With the provided approach of implementing the ETL script, MyStore ends up in just having a single version of the ETL script stored in S3 and all AWS Glue Jobs referencing to it. The entity-type-specific configuration is defined within the AWS Glue Jobs. However, as seen with the example of the zip code, this approach still requires non-generic code fragments to be placed within the reusable script. Given the simplicity of the variation in the source data schema and formats, this approach is working well for the given scenario of MyStore.

Handling of late arriving events

Challenge/Issue

Data from the source systems can arrive with delays in the raw S3 bucket. At the same time, data consumers should not miss any data, even when arriving late.

Solution

The data preparation process consumes its input data from the raw S3 bucket, where the data is partitioned by the processing time of the source system. By aligning the data pipeline end-to-end on the continuously increasing source system's processing time, all late arriving data would automatically be picked up at any stage of the pipeline.

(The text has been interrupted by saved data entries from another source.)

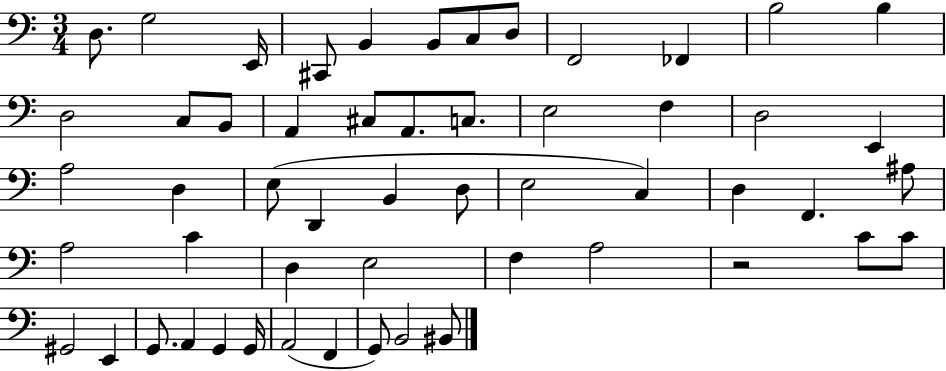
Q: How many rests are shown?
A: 1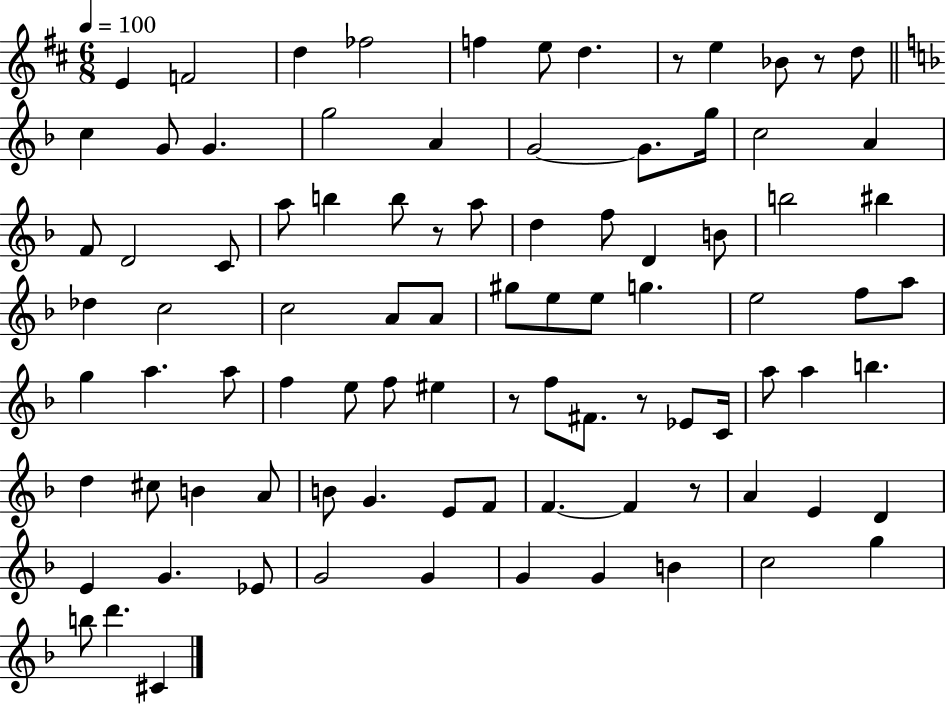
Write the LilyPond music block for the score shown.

{
  \clef treble
  \numericTimeSignature
  \time 6/8
  \key d \major
  \tempo 4 = 100
  \repeat volta 2 { e'4 f'2 | d''4 fes''2 | f''4 e''8 d''4. | r8 e''4 bes'8 r8 d''8 | \break \bar "||" \break \key d \minor c''4 g'8 g'4. | g''2 a'4 | g'2~~ g'8. g''16 | c''2 a'4 | \break f'8 d'2 c'8 | a''8 b''4 b''8 r8 a''8 | d''4 f''8 d'4 b'8 | b''2 bis''4 | \break des''4 c''2 | c''2 a'8 a'8 | gis''8 e''8 e''8 g''4. | e''2 f''8 a''8 | \break g''4 a''4. a''8 | f''4 e''8 f''8 eis''4 | r8 f''8 fis'8. r8 ees'8 c'16 | a''8 a''4 b''4. | \break d''4 cis''8 b'4 a'8 | b'8 g'4. e'8 f'8 | f'4.~~ f'4 r8 | a'4 e'4 d'4 | \break e'4 g'4. ees'8 | g'2 g'4 | g'4 g'4 b'4 | c''2 g''4 | \break b''8 d'''4. cis'4 | } \bar "|."
}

However, MyStore decided to provide a more user-friendly view on the data in the clean S3 bucket, which is the output location of the data preparation process, by partitioning the data by event time. Event time being the point in time when the event has been created at its original source. Querying on event time is the more natural way for users to interact with the data than considering a time when a particular system has touched the event. As event time and processing time can diverge in certain situations, there is no direct correlation between the partition of the input and output data. This design results in updates being made to existing partitions in the clean S3 bucket.

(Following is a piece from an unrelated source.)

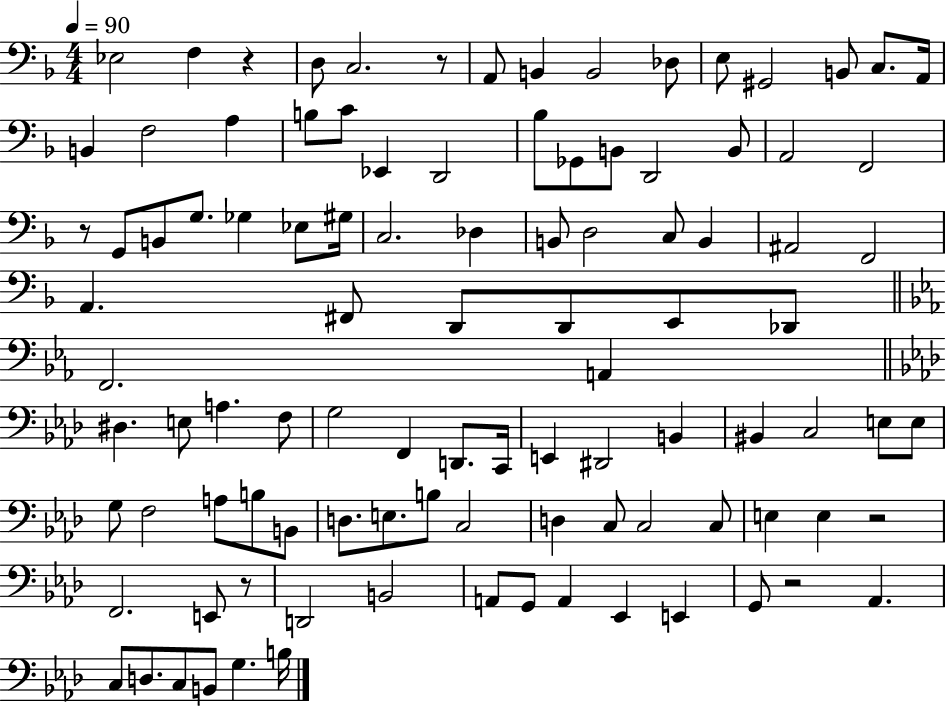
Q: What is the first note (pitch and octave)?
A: Eb3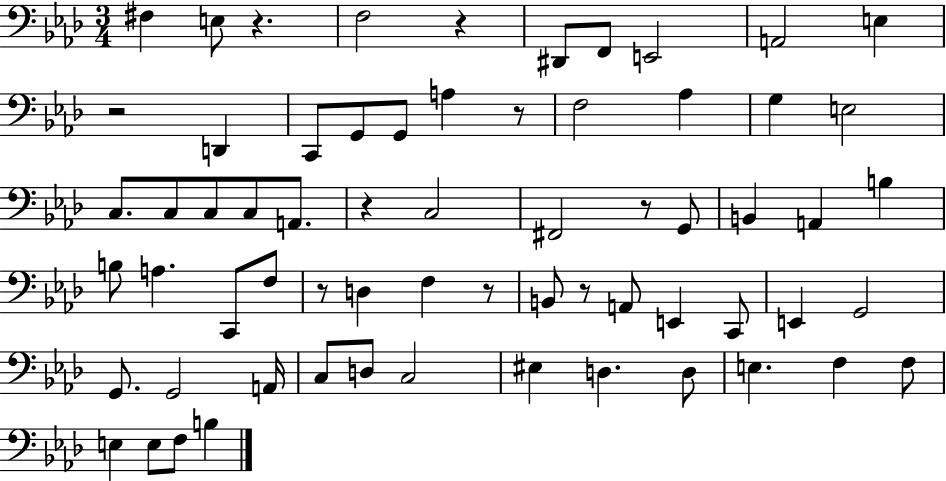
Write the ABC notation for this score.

While switching partitioning from processing time to event time eases the situation for downstream consumers that run isolated queries on append-only data sets, it creates additional challenges for consumers that are interested in the incremental changes that are applied to a data set. To handle this challenge, consumers that utilize AWS Glue can leverage a feature called job bookmarks. Using this feature, AWS Glue tracks data that has already been processed during a previous run of an ETL job and prevents reprocessing of old data. In case of consuming data from Amazon S3, the tracking happens on object level across all partition. Another option for consumers to identify and consume the incremental changes to the data set is to leverage Amazon S3 event notifications. Using this feature, consumers will be notified when new objects are created in any of the partitions and can process them according to their needs.

Choosing an approach to handle late arriving events always has to consider the full data processing pipeline from the data source down to the final consumer of the event. In a flow, which only includes processing steps that are interested in the incremental changes to the data set, sticking to a processing time based partitioning is usually the simplest approach. If, like in the MyStore Inc scenario, a single view should be provided that allows end users to query based on event time, but also processes to pick up incremental changes, additional mechanisms have to be leveraged as described above.